What is expected: Starting at the line below with "Intel Nuc Kit" and stopping at the line with "kinacoさん（レディース・158cm）の夏コーディネート", please print each line exactly, those two included, and skip every picture.

Given entries:

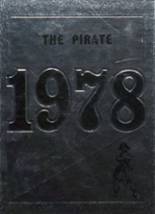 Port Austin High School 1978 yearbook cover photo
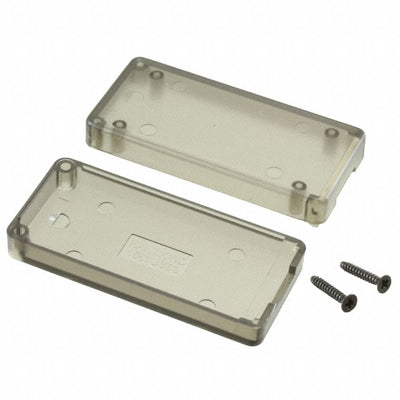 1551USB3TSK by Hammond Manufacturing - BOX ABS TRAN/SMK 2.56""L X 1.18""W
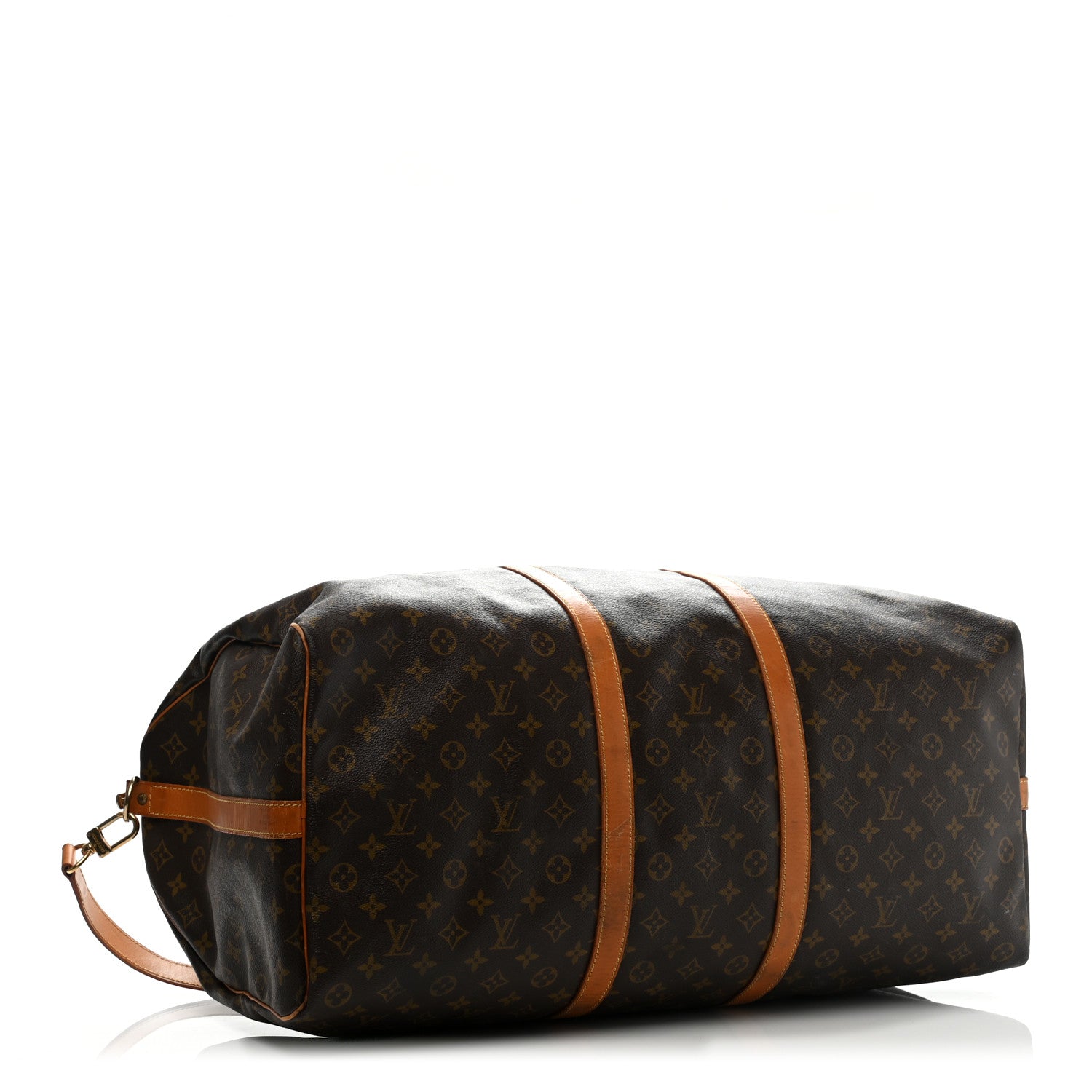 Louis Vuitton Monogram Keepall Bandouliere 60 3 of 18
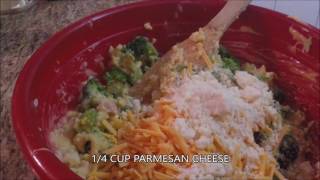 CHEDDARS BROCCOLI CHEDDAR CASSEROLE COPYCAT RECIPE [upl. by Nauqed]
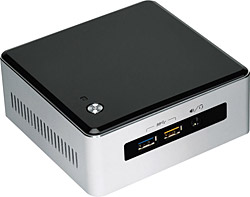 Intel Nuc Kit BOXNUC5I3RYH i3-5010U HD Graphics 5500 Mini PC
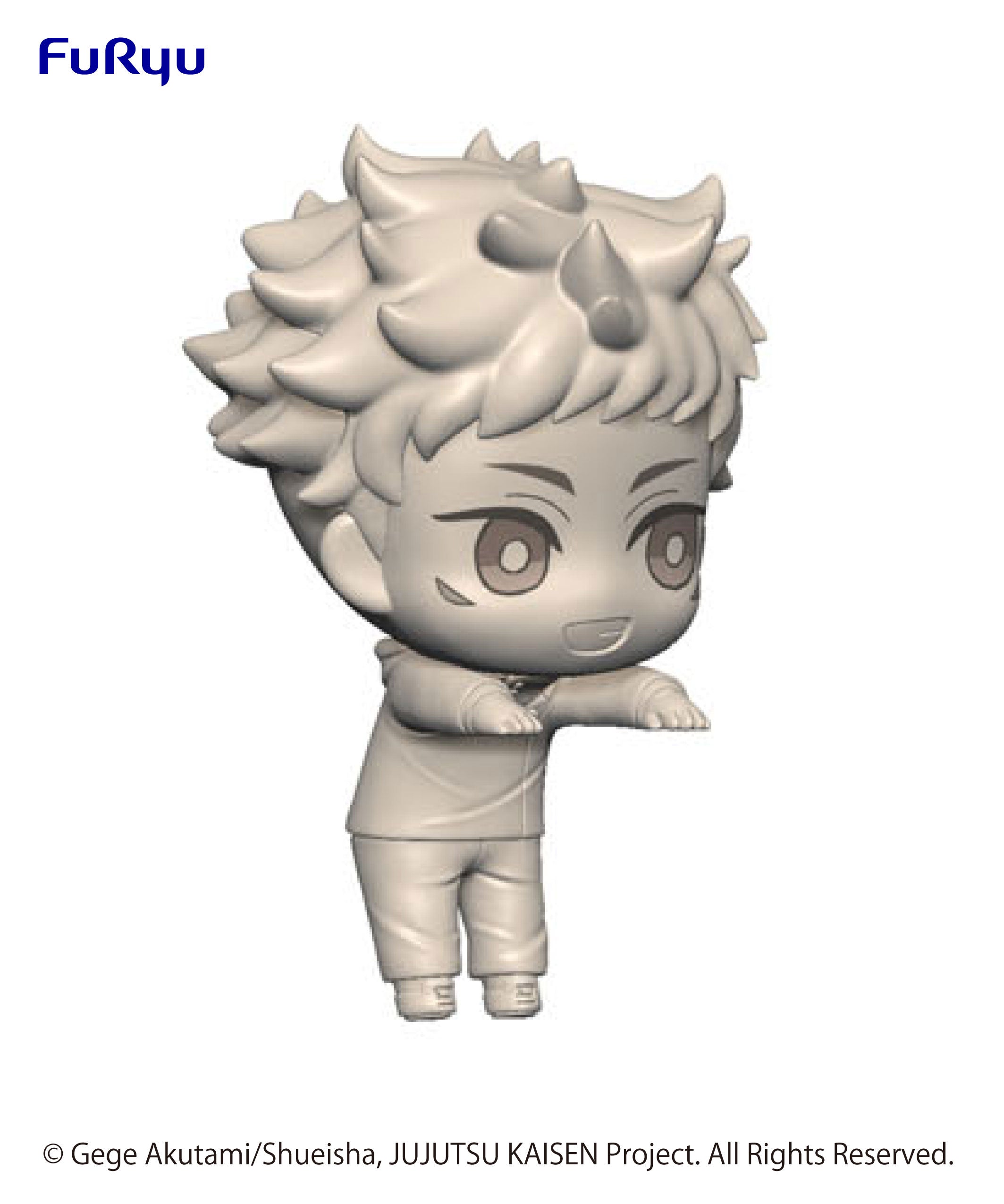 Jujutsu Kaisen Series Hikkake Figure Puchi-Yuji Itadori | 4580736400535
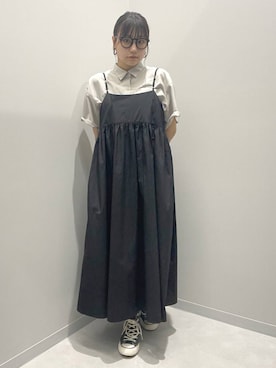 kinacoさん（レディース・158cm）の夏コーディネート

--

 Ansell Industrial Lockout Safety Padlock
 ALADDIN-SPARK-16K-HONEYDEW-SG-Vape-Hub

Result:
 Intel Nuc Kit BOXNUC5I3RYH i3-5010U HD Graphics 5500 Mini PC
 Jujutsu Kaisen Series Hikkake Figure Puchi-Yuji Itadori | 4580736400535
 kinacoさん（レディース・158cm）の夏コーディネート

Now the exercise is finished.